GCP: assign/remove ephemeral IP to an existing instance

Question

I have few instances in GCP and for administrative purposes I need to briefly connect in SSH and launch few commands. These instances do not have external IP in "normal" mode but for these brief maintenance I would like to assign ephemeral IP, do the maintenance and then remove them.

One can do this easily on the web interface (edit the instance change the NIC config to add ephemeral NAT IP) but I would like to avoid this since I have several instances... Am I missing something in gcloud documentation?

Answer 1

Found it after some (too long) time exploring the deep part of gcloud documentation.

In the section dedicated to assign static external IP address to an instance (yes in the static part) it says in a small note:

"If you intend to use an ephemeral external IP address, you can skip this step, and Compute Engine will randomly assign an ephemeral external IP address."
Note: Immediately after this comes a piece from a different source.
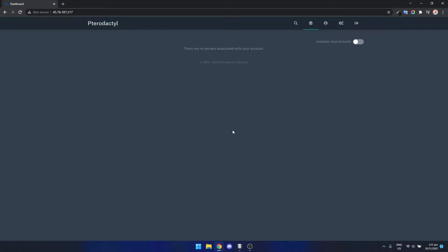To do this we're going to be using a tool called Pterodactyl and that's something you need installed on your server. If you don't have it already just check out my other video, I'll leave a link in the description in the top right hand corner.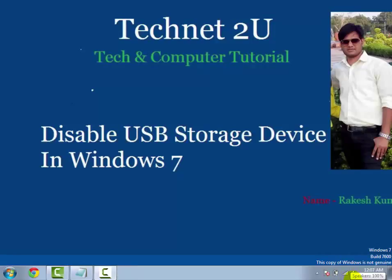Hello friends, welcome to TechNet2U, technology and computer tutorial blog. Today I am going to tell you how to disable USB storage device in Windows 7.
https://cloud.google.com/compute/docs/ip-addresses/reserve-static-external-ip-address#ipassign

So the "key" word is to add an accessConfig to your instance like:

gcloud compute instances add-access-config [INSTANCE_NAME] \
--access-config-name "[ACCESS_CONFIG_NAME]" 

In the example, there is a --address [IP_ADDRESS] option to assign the static external IP but, as the note said, it is optional. Frankly, not easy to find!

Answer 2

With Google Cloud SDK you could use a workflow like the following:

Set up some variables;

instance=instance-1
zone=asia-northeast2-a

Set an external ephemeral ipv4 address for the instance, issue the maintainance commands to it, and unset its external ephemeral ipv4 address;

gcloud compute instances add-access-config $instance --zone=$zone

gcloud compute ssh $instance --zone=$zone --command="maintenance #..."

gcloud compute instances delete-access-config $instance --zone=$zone

Correspondent Cloud SDK documentation links are instances/describe, instances/add-access-config, ssh and instances/delete-access-config.